= Beginning of Section =

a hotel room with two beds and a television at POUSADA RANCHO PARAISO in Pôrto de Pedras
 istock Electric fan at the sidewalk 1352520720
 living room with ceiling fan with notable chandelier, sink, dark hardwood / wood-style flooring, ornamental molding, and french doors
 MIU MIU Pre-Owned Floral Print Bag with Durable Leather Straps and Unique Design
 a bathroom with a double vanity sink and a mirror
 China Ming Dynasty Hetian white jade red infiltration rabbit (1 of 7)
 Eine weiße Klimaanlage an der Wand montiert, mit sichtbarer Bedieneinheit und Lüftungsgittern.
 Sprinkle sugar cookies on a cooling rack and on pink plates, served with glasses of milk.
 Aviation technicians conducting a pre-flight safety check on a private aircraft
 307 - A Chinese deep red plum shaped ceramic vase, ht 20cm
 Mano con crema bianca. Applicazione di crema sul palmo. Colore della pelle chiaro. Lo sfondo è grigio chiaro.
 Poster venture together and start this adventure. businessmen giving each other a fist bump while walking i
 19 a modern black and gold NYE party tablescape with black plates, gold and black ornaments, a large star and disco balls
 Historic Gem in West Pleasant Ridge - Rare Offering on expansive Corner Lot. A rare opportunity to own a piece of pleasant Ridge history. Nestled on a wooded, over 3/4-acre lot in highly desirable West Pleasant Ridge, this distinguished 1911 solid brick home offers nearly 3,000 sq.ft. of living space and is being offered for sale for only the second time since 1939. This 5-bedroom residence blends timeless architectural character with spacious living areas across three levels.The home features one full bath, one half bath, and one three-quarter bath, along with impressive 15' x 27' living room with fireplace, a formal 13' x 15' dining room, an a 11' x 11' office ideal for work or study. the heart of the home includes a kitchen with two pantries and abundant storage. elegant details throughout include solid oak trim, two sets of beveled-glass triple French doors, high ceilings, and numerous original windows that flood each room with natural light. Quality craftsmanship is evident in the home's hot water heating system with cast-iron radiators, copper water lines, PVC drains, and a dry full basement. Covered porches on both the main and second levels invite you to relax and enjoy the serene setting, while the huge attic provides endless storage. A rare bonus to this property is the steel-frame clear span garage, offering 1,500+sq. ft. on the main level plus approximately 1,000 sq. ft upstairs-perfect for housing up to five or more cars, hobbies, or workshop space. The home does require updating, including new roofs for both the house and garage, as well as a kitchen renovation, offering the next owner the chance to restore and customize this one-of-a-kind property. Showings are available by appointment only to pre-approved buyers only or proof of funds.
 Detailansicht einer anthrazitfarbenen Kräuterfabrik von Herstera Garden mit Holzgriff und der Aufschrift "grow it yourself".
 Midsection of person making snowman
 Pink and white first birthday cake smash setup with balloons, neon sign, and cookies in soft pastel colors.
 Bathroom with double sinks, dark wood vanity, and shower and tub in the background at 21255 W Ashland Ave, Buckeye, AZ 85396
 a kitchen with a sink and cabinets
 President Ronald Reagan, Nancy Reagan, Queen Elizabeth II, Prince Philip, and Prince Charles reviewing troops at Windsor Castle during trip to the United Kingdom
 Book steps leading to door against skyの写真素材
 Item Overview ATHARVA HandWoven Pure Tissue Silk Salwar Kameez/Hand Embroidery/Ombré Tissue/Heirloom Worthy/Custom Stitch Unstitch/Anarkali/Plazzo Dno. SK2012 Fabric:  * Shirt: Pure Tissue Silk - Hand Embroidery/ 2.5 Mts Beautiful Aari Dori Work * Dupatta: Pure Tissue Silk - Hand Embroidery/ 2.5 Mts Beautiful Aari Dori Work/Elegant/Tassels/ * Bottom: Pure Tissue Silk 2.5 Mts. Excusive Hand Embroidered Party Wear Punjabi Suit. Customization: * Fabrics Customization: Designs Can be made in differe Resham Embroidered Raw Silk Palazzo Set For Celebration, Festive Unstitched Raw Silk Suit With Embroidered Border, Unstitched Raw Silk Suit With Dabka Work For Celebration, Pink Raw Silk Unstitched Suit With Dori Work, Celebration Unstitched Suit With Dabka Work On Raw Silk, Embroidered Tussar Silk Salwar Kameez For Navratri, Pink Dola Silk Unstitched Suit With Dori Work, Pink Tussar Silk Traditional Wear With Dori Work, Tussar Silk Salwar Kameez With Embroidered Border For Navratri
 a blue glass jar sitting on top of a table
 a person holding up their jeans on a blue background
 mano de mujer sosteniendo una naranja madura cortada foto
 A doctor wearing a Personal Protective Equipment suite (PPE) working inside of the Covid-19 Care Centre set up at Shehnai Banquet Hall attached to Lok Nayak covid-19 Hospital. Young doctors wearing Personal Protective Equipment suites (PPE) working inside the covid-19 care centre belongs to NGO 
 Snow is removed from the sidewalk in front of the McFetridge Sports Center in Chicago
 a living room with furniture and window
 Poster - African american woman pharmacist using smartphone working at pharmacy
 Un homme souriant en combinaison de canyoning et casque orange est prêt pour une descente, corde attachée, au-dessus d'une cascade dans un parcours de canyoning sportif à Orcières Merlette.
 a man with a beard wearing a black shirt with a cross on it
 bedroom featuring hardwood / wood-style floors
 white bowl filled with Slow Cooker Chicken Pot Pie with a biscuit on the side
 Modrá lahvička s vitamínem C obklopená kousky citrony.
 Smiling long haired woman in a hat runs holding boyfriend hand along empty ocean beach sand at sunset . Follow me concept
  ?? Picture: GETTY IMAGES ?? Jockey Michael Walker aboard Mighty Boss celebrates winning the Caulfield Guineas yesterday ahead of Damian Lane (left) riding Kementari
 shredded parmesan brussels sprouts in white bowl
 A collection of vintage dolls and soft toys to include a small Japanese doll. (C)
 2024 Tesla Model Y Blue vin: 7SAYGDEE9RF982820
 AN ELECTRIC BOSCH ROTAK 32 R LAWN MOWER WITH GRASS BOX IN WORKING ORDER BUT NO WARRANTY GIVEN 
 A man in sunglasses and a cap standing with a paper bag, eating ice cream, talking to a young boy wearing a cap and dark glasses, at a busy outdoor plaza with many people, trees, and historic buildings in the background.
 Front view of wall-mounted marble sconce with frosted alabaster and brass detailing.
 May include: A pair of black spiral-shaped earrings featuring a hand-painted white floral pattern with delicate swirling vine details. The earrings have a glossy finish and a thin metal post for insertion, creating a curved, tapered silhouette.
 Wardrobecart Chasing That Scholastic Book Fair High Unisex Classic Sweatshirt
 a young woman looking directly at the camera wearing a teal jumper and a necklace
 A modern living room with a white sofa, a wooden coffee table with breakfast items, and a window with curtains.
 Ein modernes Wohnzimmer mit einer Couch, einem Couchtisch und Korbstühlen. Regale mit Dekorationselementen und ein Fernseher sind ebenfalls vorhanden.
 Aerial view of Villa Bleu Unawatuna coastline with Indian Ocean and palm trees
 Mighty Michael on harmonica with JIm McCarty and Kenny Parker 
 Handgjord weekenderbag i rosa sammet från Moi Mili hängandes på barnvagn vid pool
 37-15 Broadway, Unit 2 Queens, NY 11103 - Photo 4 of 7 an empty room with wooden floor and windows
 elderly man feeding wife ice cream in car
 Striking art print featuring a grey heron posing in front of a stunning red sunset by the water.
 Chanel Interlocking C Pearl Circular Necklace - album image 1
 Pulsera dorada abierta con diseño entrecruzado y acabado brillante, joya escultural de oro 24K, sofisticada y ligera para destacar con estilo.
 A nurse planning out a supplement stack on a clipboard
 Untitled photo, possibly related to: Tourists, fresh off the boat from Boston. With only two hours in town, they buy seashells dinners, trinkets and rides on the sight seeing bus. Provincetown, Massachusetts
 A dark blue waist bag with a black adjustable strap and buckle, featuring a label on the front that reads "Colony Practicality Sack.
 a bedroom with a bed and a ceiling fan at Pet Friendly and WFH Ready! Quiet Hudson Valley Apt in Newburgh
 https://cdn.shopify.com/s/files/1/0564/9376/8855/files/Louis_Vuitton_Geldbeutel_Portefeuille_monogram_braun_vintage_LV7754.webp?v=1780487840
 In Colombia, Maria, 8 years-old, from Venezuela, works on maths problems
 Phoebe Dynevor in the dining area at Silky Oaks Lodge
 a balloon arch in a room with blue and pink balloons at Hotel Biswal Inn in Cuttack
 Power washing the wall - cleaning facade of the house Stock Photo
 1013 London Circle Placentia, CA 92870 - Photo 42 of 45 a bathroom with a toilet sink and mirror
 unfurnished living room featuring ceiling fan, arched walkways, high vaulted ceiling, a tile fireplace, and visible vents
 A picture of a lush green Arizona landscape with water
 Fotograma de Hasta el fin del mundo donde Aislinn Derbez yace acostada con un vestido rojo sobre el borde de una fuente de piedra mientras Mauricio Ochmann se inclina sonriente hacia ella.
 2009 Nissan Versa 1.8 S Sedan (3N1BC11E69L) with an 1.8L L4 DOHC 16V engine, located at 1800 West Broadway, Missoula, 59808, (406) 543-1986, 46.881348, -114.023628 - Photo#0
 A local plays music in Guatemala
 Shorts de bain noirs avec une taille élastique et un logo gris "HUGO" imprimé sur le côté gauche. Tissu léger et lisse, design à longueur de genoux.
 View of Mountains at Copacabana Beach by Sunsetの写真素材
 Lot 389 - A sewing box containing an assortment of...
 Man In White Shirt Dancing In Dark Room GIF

= End of Section =

Above are the entries; count how many of their lines contain the word "background" and give only that number.

## SOLUTION
3